I am an American by birth.  I am a Christian by re-birth.  The latter exercises dominion over the former since the former is a natural inheritance while the latter is supernaturally bestowed.  Why do I mention this?

We are quickly approaching the season of speeches and caucuses, and in this season many Christians will sadly trumpet an inversion of their true identity.  The slander, anger, zeal, and statements like “we have to save our nation by electing _______” will all work together to confirm what many American Christians value most, politics over their Priest.  It is inside this seasonal soil that I am burdened to plant 3 seeds of reminders that will hopefully grow into plants of resolve.

Reminder 1: America has never been “God’s nation”.  Therefore, it is inaccurate to think politics, or anything else, can return us to a position that never existed.

Reminder 2: ‘My Land Tis of Thee’ is temporary.  We should not tie our soul to its glory.

Reminder 3: Patriotism is worthy and noble.  Nationalism is false worship.

A disclaimer: nothing I have written arises from the trending popularity of America-bashing.  I love America, especially the Deep South, but it is not permanent.  The temporary will one day fade into the eternal, and it is for the eternal land that I must live, always looking forward to the day when I will go “further up and further in”.

Wednesday, August 3, 2011

The Gift of a Present


45 degrees and a slight breeze escorted me as I left my Kalispell, MT hotel room in late July.  4:45am comes even earlier on Mountain Standard Time, and the Montana-summer-morning was guilty of stealing the identity of a Memphis-winter-night. 

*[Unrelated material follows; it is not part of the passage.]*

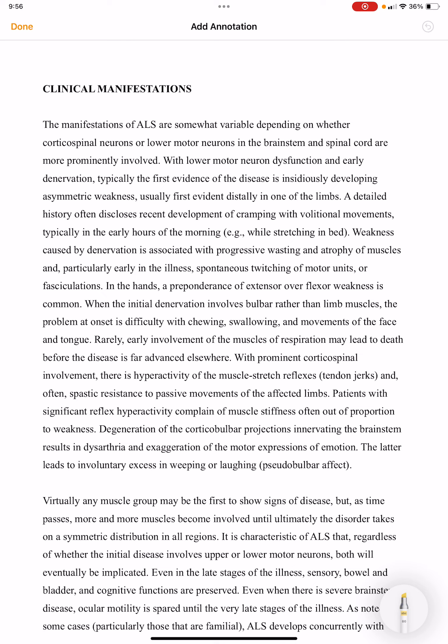The clinical manifestations of amyotrophic lateral sclerosis are somewhat variable, depending on whether corticospinal neurons or lower motor neurons in the brain stem and spinal cord are more prominently involved. The manifestations will vary depending on whether upper motor neurons or lower motor neurons are affected, and whether the involvement is in the brain stem or spinal cord.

As we drove, evidence of the still hidden sun was soon introduced into the court of creation when the Swan Mountains’ silhouette claimed its existence amidst the never-ending expanse.  The Range’s peaks and spines were easily traceable, but it was in that moment that I realized there was a pervasive lack of detail.  The barren plots of lost trees, the dalmatian-spotted dirt pods, and the overgrown nature of rebellious vegetation were invisible.  Everything was covered in a dark-purple haze, everything glowed, and everything remained beautiful until the dawn became morning.  When the sun rose, the glow of dawn dissipated and the landscape’s imperfections were literally brought to light.  Lamenting the loss of what previously had been, I drew the passenger-side visor and fought off the sun.

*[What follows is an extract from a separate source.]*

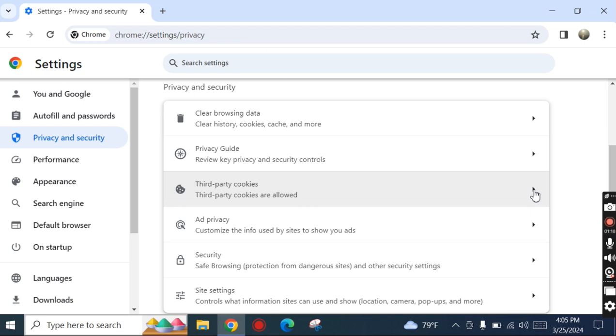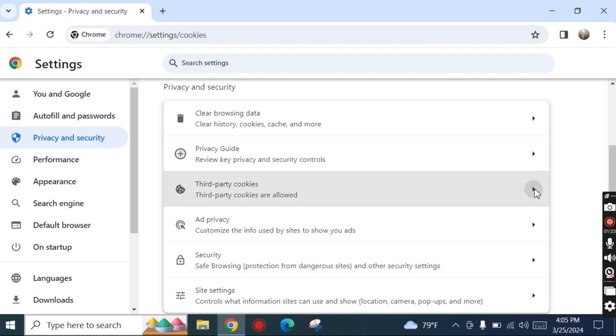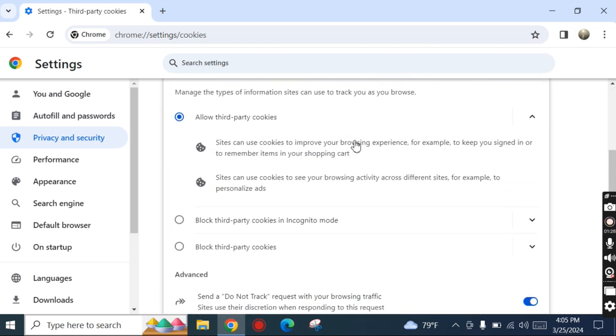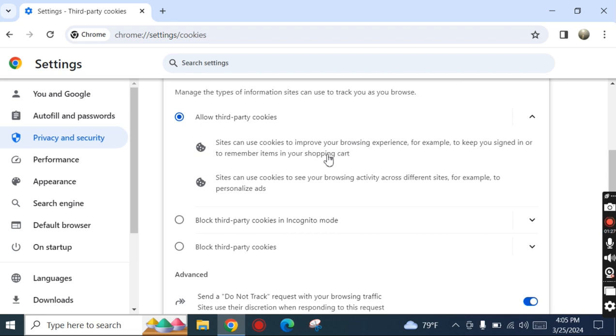Third-party cookies are currently allowed. Click on it and scroll down.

There is a constant temptation to wish all of life was lived in the “dawn”.  We long to freeze every moment when all appears beautiful and remain suspended there forever.  Despite this longing, this is not a permissible operating mindset for the believer.  To wish away moments of pain and suffering is to wish away Christ-likeness.  Longing for perfect periods of the past diminishes both the importance of the present and the hope placed in the future.  If we use driving as an analogy of our interaction with time, then I cannot rightly look forwards, backwards, and side to side at the same time without negative results.  I have tried; I rear-ended a mini cooper.

A former mentor once told me that he awakes every morning with the thought that “I have the next 16 hours to be Holy”.  I find this approach helpful.  The majority of life will be lived amidst the grind of daily chores, but it is precisely in that grind that practical faith and holiness are seen and forged.  Sadly, we wish away the monotonous appearance of the present in hopes of returning to past days or awaiting better circumstances in the future.  

One beautiful aspect of the gospel is that it secures for us the DAILY indwelling presence of God.  God is often, and correctly, proclaimed as the God of history and the God of the future; but He is also the God of the here and now.  God both exists in, and is concerned with, the present.  We, as His image bearers, should be as well.